The duty reduction on equipment for modernising mills and lower incidence on branded garments as announced in the Central Budget for 2012-13 presented by the Finance Minister, Mr. Pranab Mukherjee, has left the textile sector happy. The duty concessions offered for mills opting to modernise and a financial package of Rs. 3,884 crores for waiver of loans for handloom weavers and their cooperative societies are really welcome features of the Budget.
Textile mills planning modernisation will benefit from customs duty exemption (five per cent earlier) on automatic shuttleless looms. Weavers will benefit from this in a big way, as production in India of advanced shuttle-less looms is very low and, thus, they are forced to import. The import duty on second-hand automatic looms will also come down to 9.33 per cent from the present 14.33 per cent.
“Duty-free imports will definitely make import of advanced shuttle-less looms cheaper,” said Mr. Rahul Mehta, President, Clothing Manufacturers Association of India.
Branded garment makers also have a reason to celebrate. While the excise duty on branded garments has been increased from 10 per cent to 12 per cent, the abatement of 55 per cent from the maximum retail price (MRP) has also been raised to 70 per cent. This would bring down the incidence of duty as a percentage of MRP from 4.5 per cent to 3.6 per cent.

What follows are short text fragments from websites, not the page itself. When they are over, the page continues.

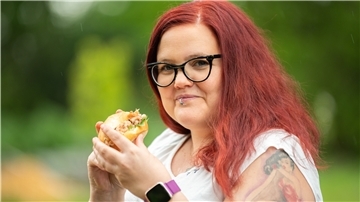 Christin Klever, Maschinenbauerin und Erfinderin einer neuen Krabbenpultechnik mit Ultraschall, steht mit einem Krabbenbrötchen in der Hand vor der Kamera. 
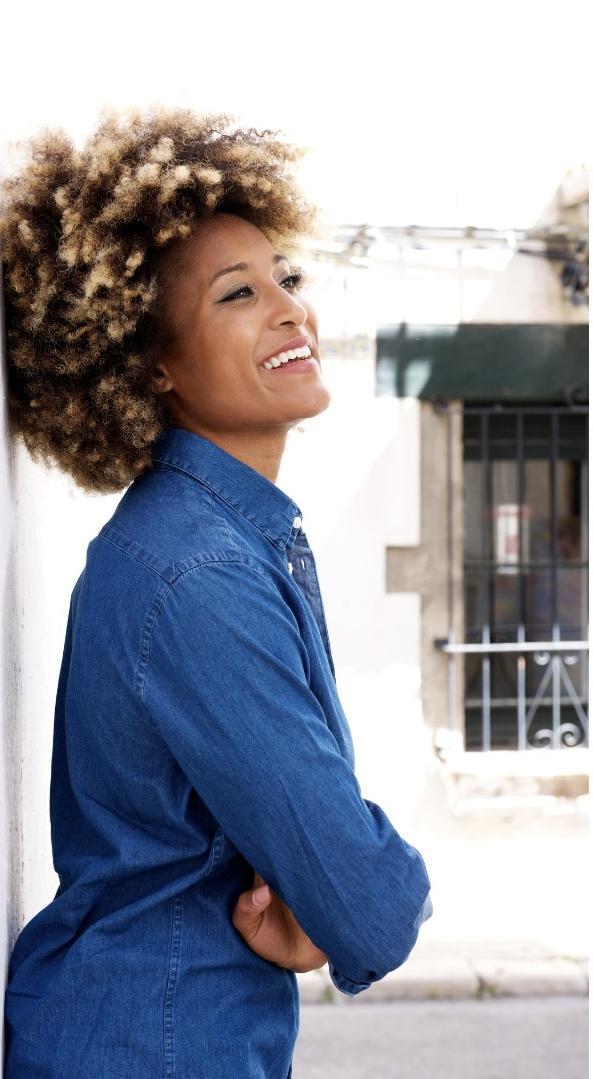 Midlife Black woman with thriving natural curls.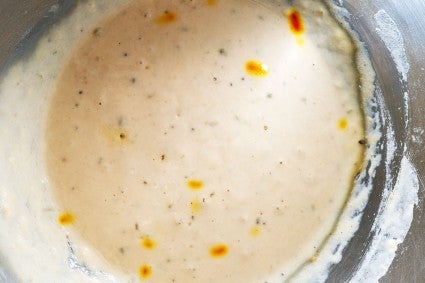 Jalebi batter with slight bubbles after overnight fermentation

“The Budget is pragmatic, growth-oriented and is in the right direction’’, said Mr. Amit Ruparelia, Chairman, Cotton Textiles Export Promotion Council (TEXPROCIL). “The exemption of customs duty on automatic shuttleless looms will certainly give a boost to the modernization efforts of the textile industry in the weaving sector and will help India emerge as a vibrant hub for fabric production in South Asia”.
Said Mr. Sanjay Lalbhai, Arvind Chairman and Managing Director: “Reduction in basic customs duty on new automatic shuttleless looms and increase in the abatement rate for branded garments will have positive impact on the textile industry. However, the industry will have higher input tax burden on account of increase in excise duty and service tax by two per cent. The sector, which is currently under an optional excise duty regime, will suffer the incidence of the incremental increase of excise duty and service tax on goods for domestic sale. However, the same would be neutral for exports.”
Powerloom mega cluster
The Government also plans to set up a powerloom mega cluster in Ichalkaranji, Maharashtra, with a budget allocation of Rs. 70 crores. Ichalkaranji is the only place in India which produces yarn of all counts.

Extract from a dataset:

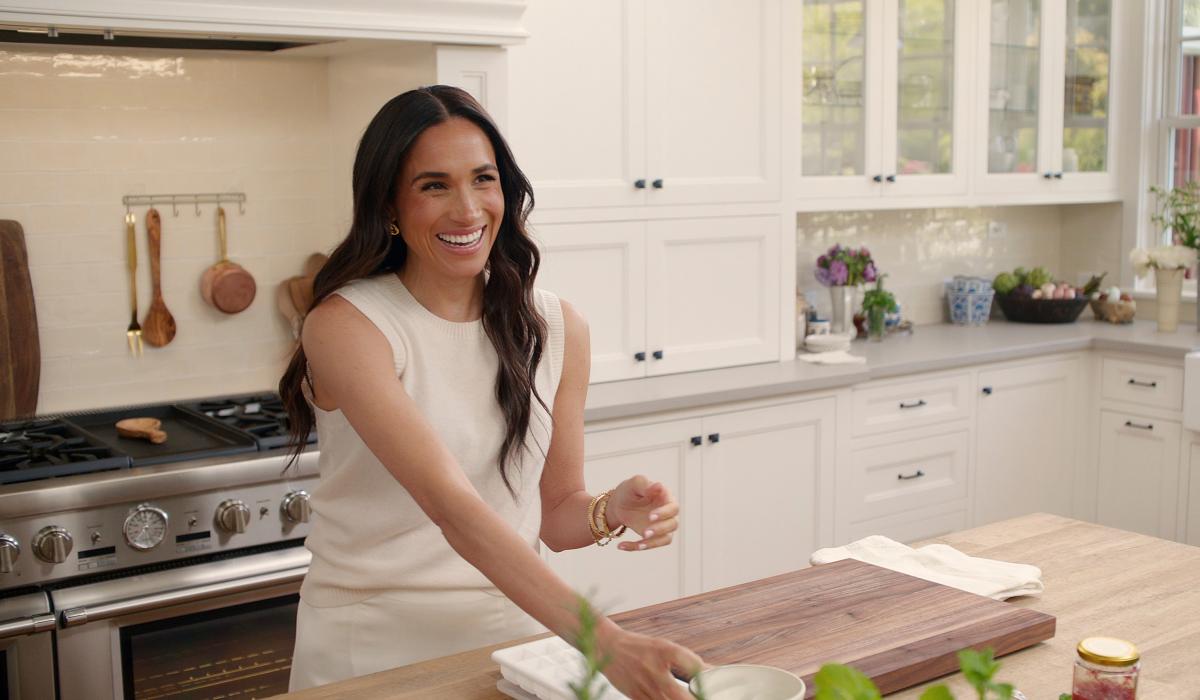 A woman stands at a kitchen island with a chopping board on it.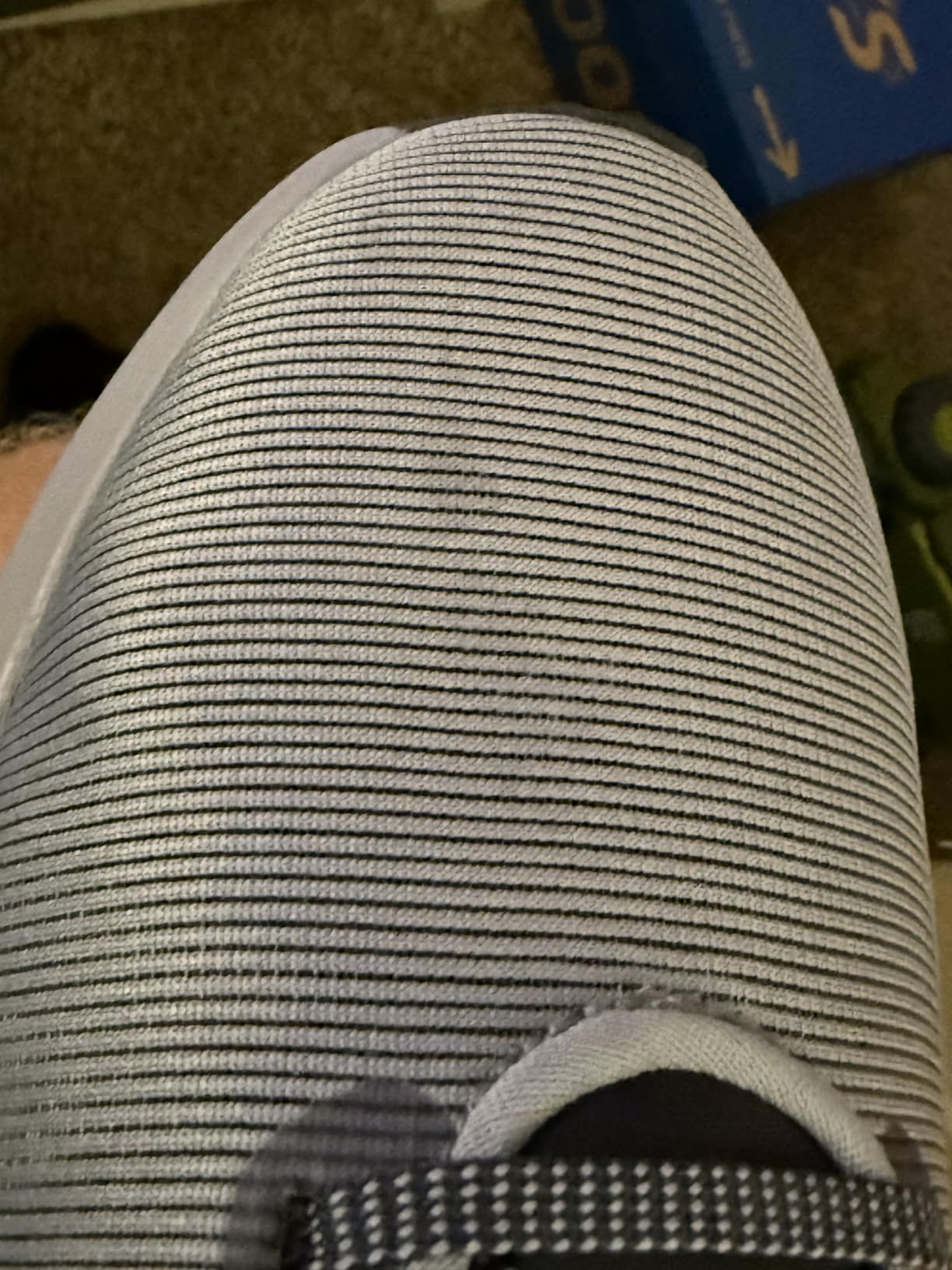 Nike Downshifter 12 midsole detail showing foam construction and heel cushioning depth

The textile industry in general was upbeat on the measures announced in the Budget. Mr. Debashis Poddar, CEO of the Textile Division of Bombay Dyeing, said that there’d be a five per cent saving on modernisation expenditure, and it would also encourage expansion.

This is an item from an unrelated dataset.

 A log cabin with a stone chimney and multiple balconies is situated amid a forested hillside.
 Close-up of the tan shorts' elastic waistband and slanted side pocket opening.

The powerloom segment, too, has no complaints. Mr. Bharat Chhajer, Chairman of the Powerloom Development & Export Promotion Council (PDEXCIL), said that for the first time, special attention had been given to the sector and “our demands have more or less been met”.
Pointing out that the textiles segment was the largest employment provider after agriculture, the Textiles Minister, Mr. Anand Sharma, said all these steps will help in technology upgradation, value addition and job generation in the sector.
Mr. A. Sakthivel, President, Tirupur Exporters’ Association (TEA), commented that the sector welcomes all these measures but is concerned about a small cut in excise duty payment on branded garments. Excise duty would now be charged at 30 per cent of the retail sale price against the existing 45 per cent, though the industry had requested for full excise duty exemptions on branded garments.
Mr. Sakthivel also said that since the service tax has been increased to 12 per cent (from 10 per cent) and more services have been included in the tax net, the Finance Ministry should increase the service tax refund given to knitwear exporting units from the existing 0.15 per cent to 1.5 per cent of the total f.o.b. value of exports. This was required to offset the increase in service tax rate.
The full exemption from basic duty is being accorded to automatic silk reeling and processing machinery as well as its parts.
Mr. Sakthivel has welcomed introduction of GST from August and allocation of Rs. 1,000 crores under the National Skill Development Fund in 2012-13. He has also hailed the setting up of the Rs. 5,000-crore India Opportunities Venture Fund with SIDBI for micro small and medium enterprises (MSMEs).
He has however expressed concern over the reduction made in the payment of excise duty on branded garments, where the duty charged would be at 30 per cent of the retail sale price against the existing 45 per cent. The industry had in fact sought full excise duty exemptions on branded garments.
The Budget proposals evoked mixed response from the textile industry in Coimbatore. Though it has not dealt any harm to the industry, it failed to consider the genuine demands with regard to man-made fibres, said Mr. S. Dinakaran, Chairman of the South India Mills Association (SIMA).
The industry was in fact demanding abolition of five per cent customs duty and four per cent special additional duty on par with cotton textile for the man-made fibre textile. Criticising the increase of service tax from 10 to 12 per cent and bringing most of the services under the tax net, he said it could have been avoided since GST would become operational in August.
Mr. S.V. Arumugam, Chairman, Confederation of Indian Textile Industry (CITI), observed that, while CITI had requested for removal or reduction of excise duty for man-made fibres, the duty has gone up from 10 per cent to 12 per cent. Though the hike is a part of increase in the standard rate itself, it would make man-made fibres of India less competitive compared to the competing countries.
The Coimbatore District Small Industries Association President, Mr. M. Kandhasamy, has described the Budget a total disappointment. However, he has welcomed the setting up of the Rs. 5,000-crore venture fund for the MSME sector and the Rs. 1,000-crore National Skill Development Fund.